A federal court in California has granted in part and denied in part the motion to dismiss filed by Twinings North America, Inc. to the second amended putative class complaint filed by a woman who alleged that she paid a premium for the company’s green, black, white, and red teas relying on their purportedly misleading label—“a natural source of antioxidants.” Lanovaz v. Twinings N. Am., Inc., No. 12-2646 (U.S. Dist. Ct., N.D. Cal., San Jose Div., order entered May 23, 2013). The company sought to dismiss claims relating to products the plaintiff did not purchase, labeling the plaintiff did not see or advertising upon which the plaintiff did not rely.
According to the court, as long as the “not purchased products” are nearly identical, a plaintiff may bring claims on behalf of others related to those products. Here, “Because the claims for 51 of the varieties of tea are based upon the exact same label describing the same product, camellia sinensis, the court finds that Lanovaz has standing to sue on behalf of purchasers of these teas and thus denies Twinings’ motion with respect to these products.

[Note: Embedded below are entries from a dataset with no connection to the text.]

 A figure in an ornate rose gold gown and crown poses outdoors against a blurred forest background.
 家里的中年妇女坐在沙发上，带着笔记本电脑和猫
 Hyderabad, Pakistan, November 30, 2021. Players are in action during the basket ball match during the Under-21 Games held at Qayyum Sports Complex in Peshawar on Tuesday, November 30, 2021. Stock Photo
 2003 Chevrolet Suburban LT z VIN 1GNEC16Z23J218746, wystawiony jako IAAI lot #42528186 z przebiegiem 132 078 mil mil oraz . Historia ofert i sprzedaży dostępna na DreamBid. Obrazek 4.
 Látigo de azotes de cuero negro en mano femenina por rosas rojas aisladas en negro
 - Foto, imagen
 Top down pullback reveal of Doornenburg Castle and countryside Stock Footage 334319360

Red tea, on the other hand, is made from a different plant and is thus a significantly different product. Therefore, the court strikes Lanovaz’s claims related to the two varieties of red tea because they are not sufficiently identical.”
Acknowledging that references to Web site statements in the complaint could be clearer, the court found most of them sufficiently pleaded, although it agreed to strike a few of them.